*** DATA TO USE ***
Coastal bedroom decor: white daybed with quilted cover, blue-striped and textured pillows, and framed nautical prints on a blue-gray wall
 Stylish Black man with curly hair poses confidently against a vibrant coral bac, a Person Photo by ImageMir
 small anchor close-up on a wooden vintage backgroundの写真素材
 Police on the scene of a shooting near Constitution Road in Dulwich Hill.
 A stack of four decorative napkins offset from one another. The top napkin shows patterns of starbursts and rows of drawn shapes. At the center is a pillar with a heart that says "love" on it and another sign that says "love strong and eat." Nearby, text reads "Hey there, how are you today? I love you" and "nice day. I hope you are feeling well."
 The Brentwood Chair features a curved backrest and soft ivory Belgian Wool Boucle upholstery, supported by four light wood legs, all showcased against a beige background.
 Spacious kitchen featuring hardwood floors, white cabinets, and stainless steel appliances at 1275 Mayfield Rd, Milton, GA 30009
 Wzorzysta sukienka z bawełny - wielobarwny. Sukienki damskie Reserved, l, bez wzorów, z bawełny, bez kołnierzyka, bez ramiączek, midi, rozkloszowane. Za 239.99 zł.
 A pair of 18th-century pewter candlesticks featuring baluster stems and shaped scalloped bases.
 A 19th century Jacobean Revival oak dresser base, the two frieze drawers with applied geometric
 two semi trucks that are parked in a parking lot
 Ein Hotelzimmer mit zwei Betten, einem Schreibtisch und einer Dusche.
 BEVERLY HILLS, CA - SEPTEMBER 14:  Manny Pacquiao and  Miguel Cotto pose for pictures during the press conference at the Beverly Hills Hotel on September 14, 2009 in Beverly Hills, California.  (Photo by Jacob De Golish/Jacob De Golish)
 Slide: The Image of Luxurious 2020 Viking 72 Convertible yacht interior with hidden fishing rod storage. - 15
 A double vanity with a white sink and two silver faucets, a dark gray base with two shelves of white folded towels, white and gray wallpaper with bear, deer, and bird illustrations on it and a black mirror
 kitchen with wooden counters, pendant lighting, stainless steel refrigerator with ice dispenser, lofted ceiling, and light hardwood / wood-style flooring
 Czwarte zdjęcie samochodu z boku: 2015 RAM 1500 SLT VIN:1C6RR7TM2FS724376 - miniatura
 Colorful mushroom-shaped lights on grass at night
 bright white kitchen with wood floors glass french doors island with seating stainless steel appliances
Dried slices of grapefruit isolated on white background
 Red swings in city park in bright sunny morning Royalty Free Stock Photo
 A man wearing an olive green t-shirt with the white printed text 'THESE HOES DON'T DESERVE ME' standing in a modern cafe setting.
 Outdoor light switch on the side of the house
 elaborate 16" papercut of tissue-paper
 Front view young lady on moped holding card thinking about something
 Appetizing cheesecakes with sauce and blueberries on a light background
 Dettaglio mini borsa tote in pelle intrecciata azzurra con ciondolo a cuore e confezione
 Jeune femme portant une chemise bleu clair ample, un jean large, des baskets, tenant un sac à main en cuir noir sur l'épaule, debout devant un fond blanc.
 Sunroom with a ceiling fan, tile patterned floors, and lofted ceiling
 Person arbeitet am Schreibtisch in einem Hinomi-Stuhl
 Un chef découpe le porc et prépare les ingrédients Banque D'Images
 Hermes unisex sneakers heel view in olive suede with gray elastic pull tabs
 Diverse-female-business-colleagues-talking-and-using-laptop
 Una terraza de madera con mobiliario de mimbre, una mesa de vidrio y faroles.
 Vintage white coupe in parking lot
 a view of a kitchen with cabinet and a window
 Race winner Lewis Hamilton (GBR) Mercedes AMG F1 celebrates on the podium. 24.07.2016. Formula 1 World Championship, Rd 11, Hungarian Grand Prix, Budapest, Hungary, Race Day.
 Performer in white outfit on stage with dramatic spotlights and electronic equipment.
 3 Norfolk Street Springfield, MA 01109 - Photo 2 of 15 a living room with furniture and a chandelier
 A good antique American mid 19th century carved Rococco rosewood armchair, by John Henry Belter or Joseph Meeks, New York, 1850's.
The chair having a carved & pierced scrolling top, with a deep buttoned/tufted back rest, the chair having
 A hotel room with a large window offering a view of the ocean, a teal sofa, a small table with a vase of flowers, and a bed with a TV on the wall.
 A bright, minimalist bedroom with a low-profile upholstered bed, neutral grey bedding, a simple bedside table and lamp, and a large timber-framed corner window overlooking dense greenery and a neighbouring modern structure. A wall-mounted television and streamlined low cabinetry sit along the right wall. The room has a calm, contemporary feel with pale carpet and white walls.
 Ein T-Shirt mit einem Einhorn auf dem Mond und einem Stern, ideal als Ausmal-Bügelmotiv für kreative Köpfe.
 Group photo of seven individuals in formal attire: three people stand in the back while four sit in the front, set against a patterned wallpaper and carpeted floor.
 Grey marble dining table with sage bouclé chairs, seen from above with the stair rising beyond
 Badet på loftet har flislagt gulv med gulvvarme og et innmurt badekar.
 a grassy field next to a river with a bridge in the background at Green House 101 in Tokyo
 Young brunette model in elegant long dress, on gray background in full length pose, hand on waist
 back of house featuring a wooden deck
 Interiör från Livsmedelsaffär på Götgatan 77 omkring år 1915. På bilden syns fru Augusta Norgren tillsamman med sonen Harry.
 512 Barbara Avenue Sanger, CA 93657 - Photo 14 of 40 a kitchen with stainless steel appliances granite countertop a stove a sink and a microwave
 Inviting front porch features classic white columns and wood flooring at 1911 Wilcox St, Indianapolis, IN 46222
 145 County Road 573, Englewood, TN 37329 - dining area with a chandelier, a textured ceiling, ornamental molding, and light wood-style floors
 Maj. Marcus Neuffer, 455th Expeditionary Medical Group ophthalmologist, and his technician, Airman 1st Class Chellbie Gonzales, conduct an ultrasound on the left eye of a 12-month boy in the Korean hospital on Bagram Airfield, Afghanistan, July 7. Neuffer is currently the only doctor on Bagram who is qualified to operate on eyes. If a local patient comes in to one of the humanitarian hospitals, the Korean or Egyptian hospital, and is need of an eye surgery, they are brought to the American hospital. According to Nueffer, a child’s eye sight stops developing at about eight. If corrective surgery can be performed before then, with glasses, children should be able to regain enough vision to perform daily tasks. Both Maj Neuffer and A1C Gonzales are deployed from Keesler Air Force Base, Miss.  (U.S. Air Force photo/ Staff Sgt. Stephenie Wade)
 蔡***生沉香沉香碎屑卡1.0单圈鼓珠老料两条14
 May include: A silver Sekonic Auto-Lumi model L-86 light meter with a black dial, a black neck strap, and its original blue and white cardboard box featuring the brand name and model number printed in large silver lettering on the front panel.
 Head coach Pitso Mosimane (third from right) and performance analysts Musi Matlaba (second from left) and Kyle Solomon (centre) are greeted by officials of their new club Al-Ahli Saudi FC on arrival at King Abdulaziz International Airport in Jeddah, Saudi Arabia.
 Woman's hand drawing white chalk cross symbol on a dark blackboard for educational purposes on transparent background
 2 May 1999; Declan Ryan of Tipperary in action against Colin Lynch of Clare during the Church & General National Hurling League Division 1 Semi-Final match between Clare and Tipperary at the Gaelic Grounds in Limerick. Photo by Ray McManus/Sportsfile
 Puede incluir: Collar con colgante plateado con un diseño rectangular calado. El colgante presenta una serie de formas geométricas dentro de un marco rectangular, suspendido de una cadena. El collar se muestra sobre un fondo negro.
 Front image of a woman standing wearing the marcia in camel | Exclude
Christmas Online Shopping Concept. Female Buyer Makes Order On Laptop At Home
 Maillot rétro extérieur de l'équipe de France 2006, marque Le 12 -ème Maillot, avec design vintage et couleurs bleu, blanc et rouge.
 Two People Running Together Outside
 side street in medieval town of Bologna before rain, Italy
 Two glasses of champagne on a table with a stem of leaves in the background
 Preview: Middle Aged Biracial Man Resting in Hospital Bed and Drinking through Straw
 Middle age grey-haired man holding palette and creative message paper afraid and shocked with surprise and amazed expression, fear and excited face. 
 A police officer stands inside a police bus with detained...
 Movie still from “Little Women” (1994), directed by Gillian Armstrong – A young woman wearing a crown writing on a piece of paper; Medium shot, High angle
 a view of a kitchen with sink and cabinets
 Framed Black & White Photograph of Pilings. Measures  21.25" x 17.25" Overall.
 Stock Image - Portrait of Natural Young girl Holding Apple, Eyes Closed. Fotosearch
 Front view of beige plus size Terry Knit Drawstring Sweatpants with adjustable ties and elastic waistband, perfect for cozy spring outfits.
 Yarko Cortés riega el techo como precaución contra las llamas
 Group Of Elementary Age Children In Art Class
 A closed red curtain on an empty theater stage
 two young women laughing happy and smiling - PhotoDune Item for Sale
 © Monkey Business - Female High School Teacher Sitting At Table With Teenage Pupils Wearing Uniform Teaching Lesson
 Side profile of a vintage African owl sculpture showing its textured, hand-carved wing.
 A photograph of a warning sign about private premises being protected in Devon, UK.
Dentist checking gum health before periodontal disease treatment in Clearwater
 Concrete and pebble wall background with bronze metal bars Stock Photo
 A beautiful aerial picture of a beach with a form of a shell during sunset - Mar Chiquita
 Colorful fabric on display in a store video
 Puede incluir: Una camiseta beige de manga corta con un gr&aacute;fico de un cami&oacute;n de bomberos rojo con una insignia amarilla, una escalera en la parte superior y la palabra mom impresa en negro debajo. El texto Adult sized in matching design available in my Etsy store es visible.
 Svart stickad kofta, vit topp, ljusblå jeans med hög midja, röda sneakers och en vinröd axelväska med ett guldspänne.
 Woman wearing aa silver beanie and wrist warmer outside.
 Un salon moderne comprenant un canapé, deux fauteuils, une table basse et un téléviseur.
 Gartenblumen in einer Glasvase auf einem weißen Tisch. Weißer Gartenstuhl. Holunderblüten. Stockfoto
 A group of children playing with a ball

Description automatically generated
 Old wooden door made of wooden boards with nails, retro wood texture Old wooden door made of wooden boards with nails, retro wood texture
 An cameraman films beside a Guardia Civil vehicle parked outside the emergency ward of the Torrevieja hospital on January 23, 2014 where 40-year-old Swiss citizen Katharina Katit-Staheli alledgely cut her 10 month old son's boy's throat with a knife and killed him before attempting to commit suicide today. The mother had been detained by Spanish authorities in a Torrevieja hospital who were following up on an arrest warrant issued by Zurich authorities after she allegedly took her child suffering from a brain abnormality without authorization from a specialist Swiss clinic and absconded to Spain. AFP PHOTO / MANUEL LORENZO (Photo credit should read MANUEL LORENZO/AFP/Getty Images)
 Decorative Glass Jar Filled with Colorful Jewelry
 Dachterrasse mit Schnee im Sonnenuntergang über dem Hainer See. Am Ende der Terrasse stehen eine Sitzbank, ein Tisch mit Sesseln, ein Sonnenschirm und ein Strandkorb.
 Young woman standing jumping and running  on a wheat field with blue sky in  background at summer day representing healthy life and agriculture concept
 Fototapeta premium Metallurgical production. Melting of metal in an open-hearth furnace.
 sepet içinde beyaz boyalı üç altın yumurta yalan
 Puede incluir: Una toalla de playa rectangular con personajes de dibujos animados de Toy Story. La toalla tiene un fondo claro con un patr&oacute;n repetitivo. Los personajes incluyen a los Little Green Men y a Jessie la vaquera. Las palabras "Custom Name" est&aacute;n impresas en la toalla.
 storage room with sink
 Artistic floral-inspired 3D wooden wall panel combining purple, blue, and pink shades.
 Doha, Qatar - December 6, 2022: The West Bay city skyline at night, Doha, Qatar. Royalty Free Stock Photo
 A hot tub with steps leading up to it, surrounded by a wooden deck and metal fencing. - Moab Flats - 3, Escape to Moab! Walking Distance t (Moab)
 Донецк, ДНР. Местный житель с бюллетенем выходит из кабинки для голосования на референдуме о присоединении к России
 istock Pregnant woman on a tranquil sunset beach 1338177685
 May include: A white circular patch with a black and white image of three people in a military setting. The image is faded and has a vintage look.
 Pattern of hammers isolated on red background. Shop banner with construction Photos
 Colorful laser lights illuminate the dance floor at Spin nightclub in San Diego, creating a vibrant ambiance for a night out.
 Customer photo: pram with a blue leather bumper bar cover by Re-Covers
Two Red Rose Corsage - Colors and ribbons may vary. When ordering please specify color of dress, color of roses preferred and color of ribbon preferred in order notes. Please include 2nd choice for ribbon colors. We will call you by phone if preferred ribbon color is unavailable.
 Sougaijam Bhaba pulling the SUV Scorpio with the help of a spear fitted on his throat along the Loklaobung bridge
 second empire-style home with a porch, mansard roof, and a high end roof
*** End of DATA TO USE ***
**WHAT YOU ARE ASKED TO DO:**
What you return must be the lines above that run from the line with "Christmas Online Shopping" to the line with "Puede incluir: Una camiseta", inclusive, each copied exactly.

**EXPECTED ANSWER:**
Christmas Online Shopping Concept. Female Buyer Makes Order On Laptop At Home
 Maillot rétro extérieur de l'équipe de France 2006, marque Le 12 -ème Maillot, avec design vintage et couleurs bleu, blanc et rouge.
 Two People Running Together Outside
 side street in medieval town of Bologna before rain, Italy
 Two glasses of champagne on a table with a stem of leaves in the background
 Preview: Middle Aged Biracial Man Resting in Hospital Bed and Drinking through Straw
 Middle age grey-haired man holding palette and creative message paper afraid and shocked with surprise and amazed expression, fear and excited face. 
 A police officer stands inside a police bus with detained...
 Movie still from “Little Women” (1994), directed by Gillian Armstrong – A young woman wearing a crown writing on a piece of paper; Medium shot, High angle
 a view of a kitchen with sink and cabinets
 Framed Black & White Photograph of Pilings. Measures  21.25" x 17.25" Overall.
 Stock Image - Portrait of Natural Young girl Holding Apple, Eyes Closed. Fotosearch
 Front view of beige plus size Terry Knit Drawstring Sweatpants with adjustable ties and elastic waistband, perfect for cozy spring outfits.
 Yarko Cortés riega el techo como precaución contra las llamas
 Group Of Elementary Age Children In Art Class
 A closed red curtain on an empty theater stage
 two young women laughing happy and smiling - PhotoDune Item for Sale
 © Monkey Business - Female High School Teacher Sitting At Table With Teenage Pupils Wearing Uniform Teaching Lesson
 Side profile of a vintage African owl sculpture showing its textured, hand-carved wing.
 A photograph of a warning sign about private premises being protected in Devon, UK.
Dentist checking gum health before periodontal disease treatment in Clearwater
 Concrete and pebble wall background with bronze metal bars Stock Photo
 A beautiful aerial picture of a beach with a form of a shell during sunset - Mar Chiquita
 Colorful fabric on display in a store video
 Puede incluir: Una camiseta beige de manga corta con un gr&aacute;fico de un cami&oacute;n de bomberos rojo con una insignia amarilla, una escalera en la parte superior y la palabra mom impresa en negro debajo. El texto Adult sized in matching design available in my Etsy store es visible.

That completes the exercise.